TASK ITEM: Please repeat exactly the lines below from the line with "Hazel is registered" to the line with "an empty room with wooden floor", including both, and leave out every picture.

DATASET:

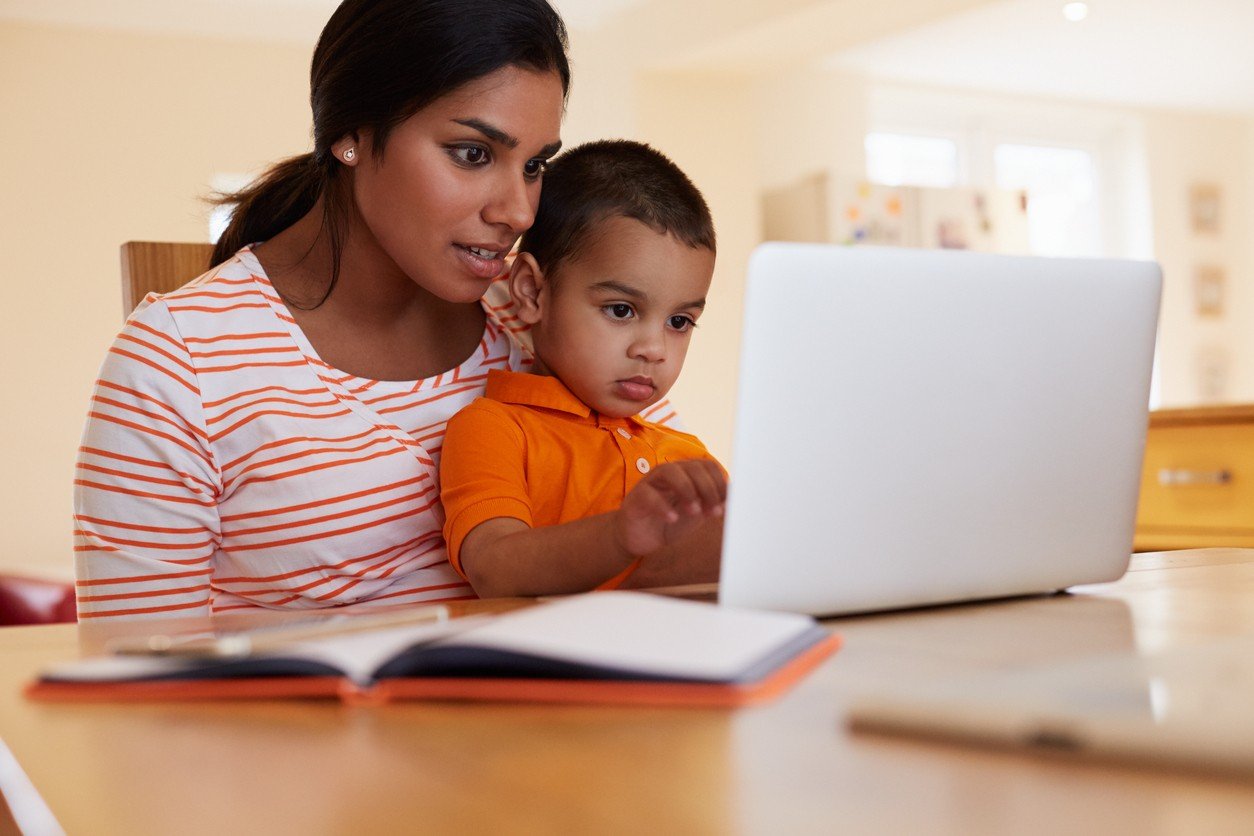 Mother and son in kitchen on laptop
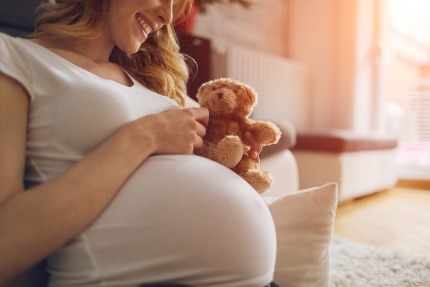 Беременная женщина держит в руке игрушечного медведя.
--
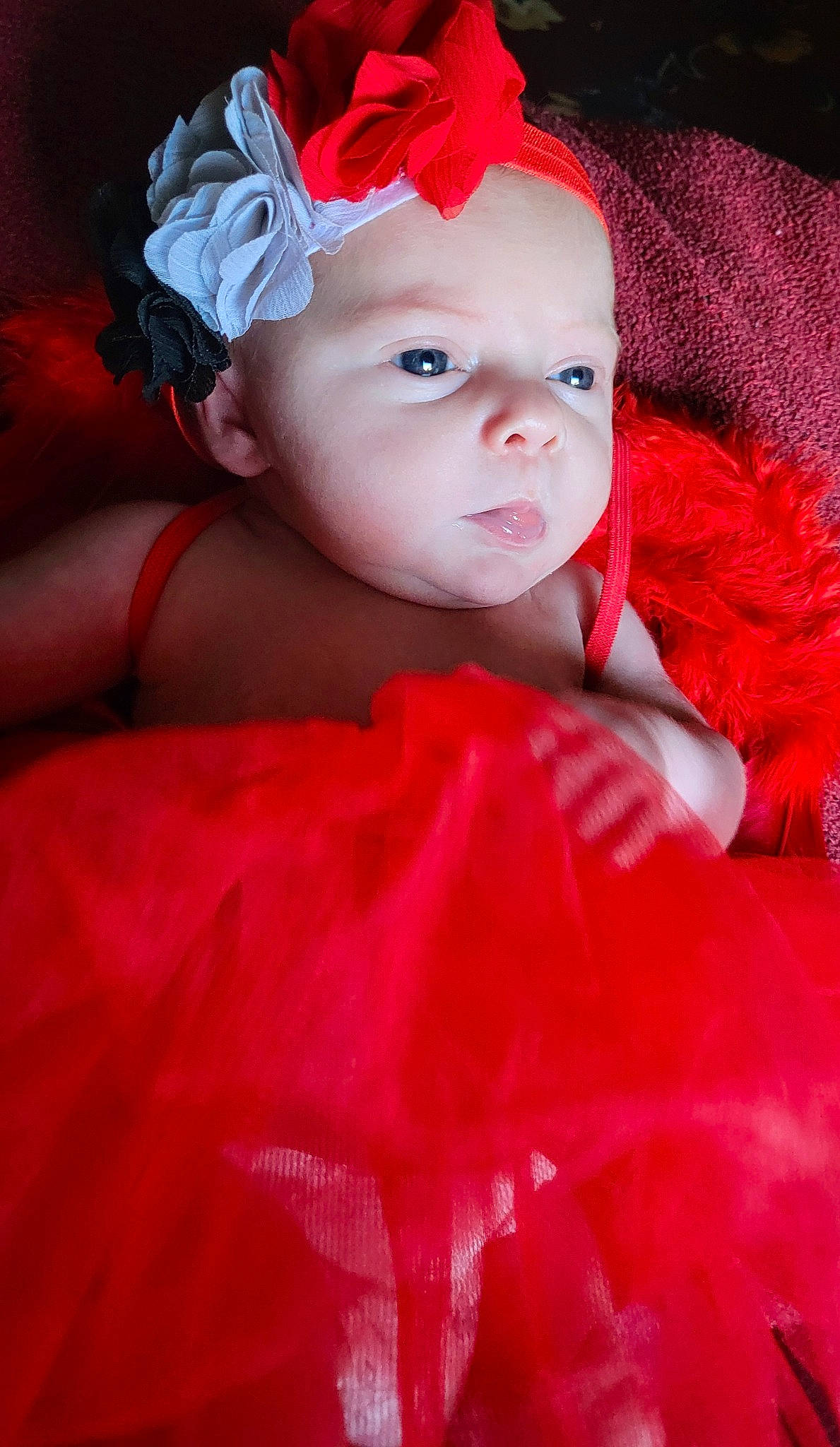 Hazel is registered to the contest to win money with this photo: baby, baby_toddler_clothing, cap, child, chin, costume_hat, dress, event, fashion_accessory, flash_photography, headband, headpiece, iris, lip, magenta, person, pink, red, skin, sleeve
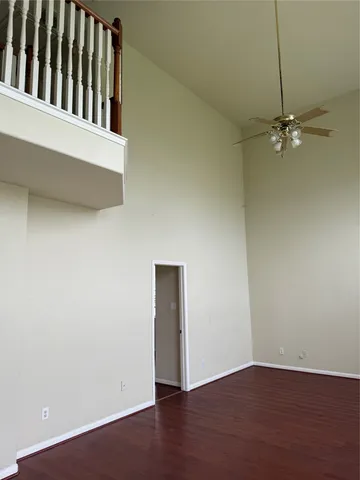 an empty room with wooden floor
--
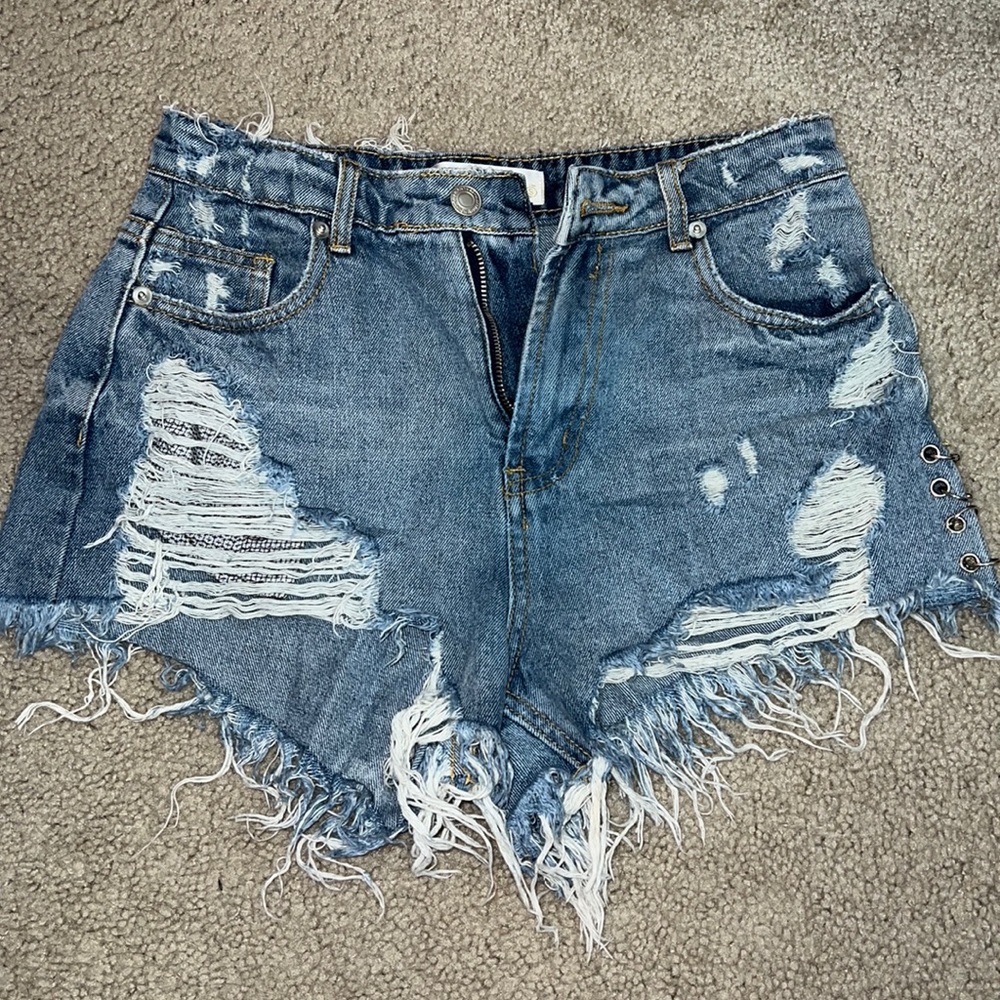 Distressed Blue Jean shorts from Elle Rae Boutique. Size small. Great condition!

RESULT OF THE EXERCISE:
 Hazel is registered to the contest to win money with this photo: baby, baby_toddler_clothing, cap, child, chin, costume_hat, dress, event, fashion_accessory, flash_photography, headband, headpiece, iris, lip, magenta, person, pink, red, skin, sleeve
 an empty room with wooden floor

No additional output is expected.